Taking money from public education has been a pattern of the Branstad-Reynolds Administration since passing large commercial property tax cuts in 2013 that have resulted in lower-than-predicted state revenues.

  • In 2014, Branstad vetoed funding for programs at state universities arguing he needed to take action to help ensure the state’s budget remained solid. The cuts included tens of millions of dollars in funding to state university agriculture, science, manufacturing, and Biosystems programs.

  • In 2015, the administration cut higher education funding by vetoing $2.5 million for community colleges, $2.9 million for the University of Iowa, $2.3 million for Iowa State University, and $1.1 million for the University of Northern Iowa.

In June, Reynolds said she would not rule out even greater cuts to higher education in the next budget year.

Leadership Forgotten

In her comments about the tuition hikes, Reynolds did not offer any solutions or actions that might solve the crisis. Instead, she passed the responsibility off to others.

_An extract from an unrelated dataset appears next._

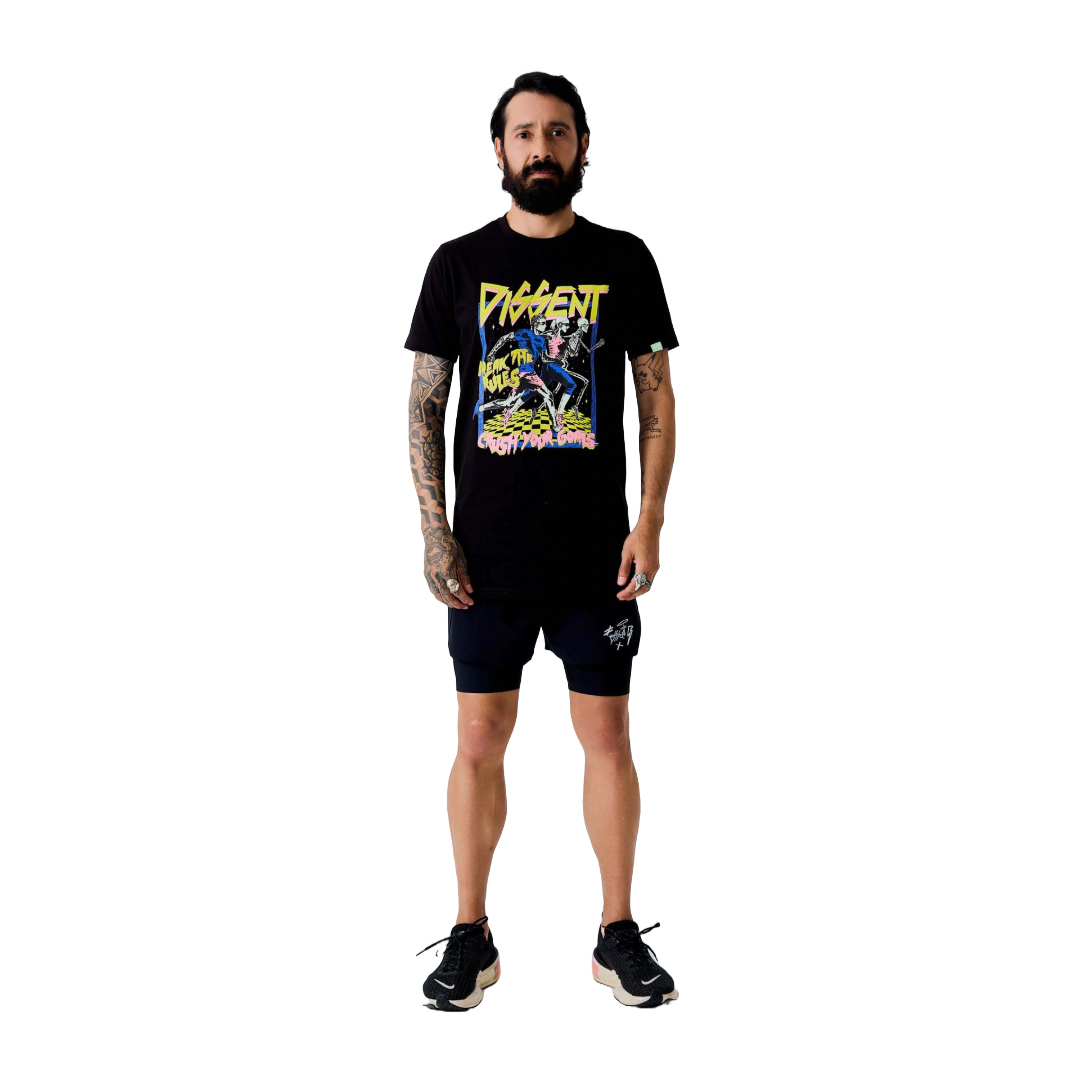 Dissent running Black Long Run shorts For All - Model - Front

From the Des Moines Register:

“There is no way that Iowa families could afford a 7 percent increase over five years,” she said. “So I would encourage the Regents to … take a look at what’s manageable and keep in the forefront doing everything we can to keep higher education, post-secondary education costs down.”

Although Reynolds criticized the increases, she was noncommittal about what the Regents institutions should expect from the state during the next budget cycle.

“The Legislature is going to do what the Legislature is going to do,” she said. “We’ll work closely with them. We’ll put our budget together and they’ll put theirs together.”

“As the Governor, Kim Reynolds has the power to veto legislation and use her bully pulpit to guide political conversations, especially when her party is in the majority. She certainly has the power to prevent these tuition hikes or at least make a difference in the debate. To suggest otherwise is, frankly, ridiculous,” said Iowa Democratic Party Chair Troy Price.